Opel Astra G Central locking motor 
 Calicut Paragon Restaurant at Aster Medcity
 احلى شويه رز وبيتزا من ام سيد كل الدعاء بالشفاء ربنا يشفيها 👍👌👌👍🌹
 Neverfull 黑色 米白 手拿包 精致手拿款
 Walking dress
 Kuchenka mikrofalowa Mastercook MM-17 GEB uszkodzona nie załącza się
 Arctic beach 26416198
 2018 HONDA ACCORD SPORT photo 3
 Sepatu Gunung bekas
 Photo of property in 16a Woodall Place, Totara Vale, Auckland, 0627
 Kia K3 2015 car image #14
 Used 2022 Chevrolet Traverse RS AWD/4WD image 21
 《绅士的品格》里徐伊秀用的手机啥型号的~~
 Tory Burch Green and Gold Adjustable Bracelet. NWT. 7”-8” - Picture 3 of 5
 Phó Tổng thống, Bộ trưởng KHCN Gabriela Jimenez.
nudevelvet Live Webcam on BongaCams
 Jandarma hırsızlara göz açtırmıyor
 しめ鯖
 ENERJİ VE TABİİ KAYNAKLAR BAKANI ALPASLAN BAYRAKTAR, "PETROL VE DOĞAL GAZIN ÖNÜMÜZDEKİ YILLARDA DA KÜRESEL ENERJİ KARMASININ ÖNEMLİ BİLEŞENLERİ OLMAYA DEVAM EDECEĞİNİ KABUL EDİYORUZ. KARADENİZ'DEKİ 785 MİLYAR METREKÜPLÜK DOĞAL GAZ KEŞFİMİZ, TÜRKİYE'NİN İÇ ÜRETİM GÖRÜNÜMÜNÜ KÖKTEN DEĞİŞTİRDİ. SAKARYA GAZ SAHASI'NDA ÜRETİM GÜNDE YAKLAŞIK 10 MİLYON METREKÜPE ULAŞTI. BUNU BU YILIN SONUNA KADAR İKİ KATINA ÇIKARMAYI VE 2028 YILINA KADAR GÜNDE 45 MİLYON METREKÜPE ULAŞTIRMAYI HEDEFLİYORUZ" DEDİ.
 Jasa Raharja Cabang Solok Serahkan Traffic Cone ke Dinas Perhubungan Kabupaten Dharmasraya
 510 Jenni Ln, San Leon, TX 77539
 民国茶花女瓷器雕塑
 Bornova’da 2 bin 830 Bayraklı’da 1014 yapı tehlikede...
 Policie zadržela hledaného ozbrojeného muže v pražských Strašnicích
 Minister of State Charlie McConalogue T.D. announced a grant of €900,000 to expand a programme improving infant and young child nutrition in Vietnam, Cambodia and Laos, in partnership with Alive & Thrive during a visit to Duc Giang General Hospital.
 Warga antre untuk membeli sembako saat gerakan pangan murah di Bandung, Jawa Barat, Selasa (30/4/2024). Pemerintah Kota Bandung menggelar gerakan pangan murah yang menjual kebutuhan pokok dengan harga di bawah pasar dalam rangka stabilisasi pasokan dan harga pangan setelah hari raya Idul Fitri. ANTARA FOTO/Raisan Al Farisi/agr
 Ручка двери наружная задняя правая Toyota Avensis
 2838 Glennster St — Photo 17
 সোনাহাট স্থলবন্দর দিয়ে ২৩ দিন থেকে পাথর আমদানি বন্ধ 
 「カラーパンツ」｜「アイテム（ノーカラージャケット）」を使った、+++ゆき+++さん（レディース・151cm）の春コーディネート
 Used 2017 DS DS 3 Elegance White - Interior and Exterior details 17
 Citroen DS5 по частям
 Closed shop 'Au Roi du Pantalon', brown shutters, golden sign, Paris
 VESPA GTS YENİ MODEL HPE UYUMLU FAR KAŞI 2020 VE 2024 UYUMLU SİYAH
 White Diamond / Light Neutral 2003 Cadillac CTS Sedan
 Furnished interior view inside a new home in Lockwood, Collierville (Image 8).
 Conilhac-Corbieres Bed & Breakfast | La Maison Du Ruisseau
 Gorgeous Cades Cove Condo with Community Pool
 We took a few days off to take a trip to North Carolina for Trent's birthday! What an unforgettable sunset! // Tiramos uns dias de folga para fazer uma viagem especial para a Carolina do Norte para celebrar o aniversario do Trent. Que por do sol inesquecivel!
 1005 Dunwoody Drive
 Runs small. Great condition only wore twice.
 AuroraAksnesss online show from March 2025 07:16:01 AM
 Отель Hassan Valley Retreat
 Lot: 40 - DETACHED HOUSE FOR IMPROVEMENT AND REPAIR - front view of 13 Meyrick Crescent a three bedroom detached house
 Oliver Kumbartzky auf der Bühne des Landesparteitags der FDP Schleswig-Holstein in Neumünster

#### Description of the task
Based on the records above, count the lines in which "view" occurs and provide only the number.

#### Exercise output
2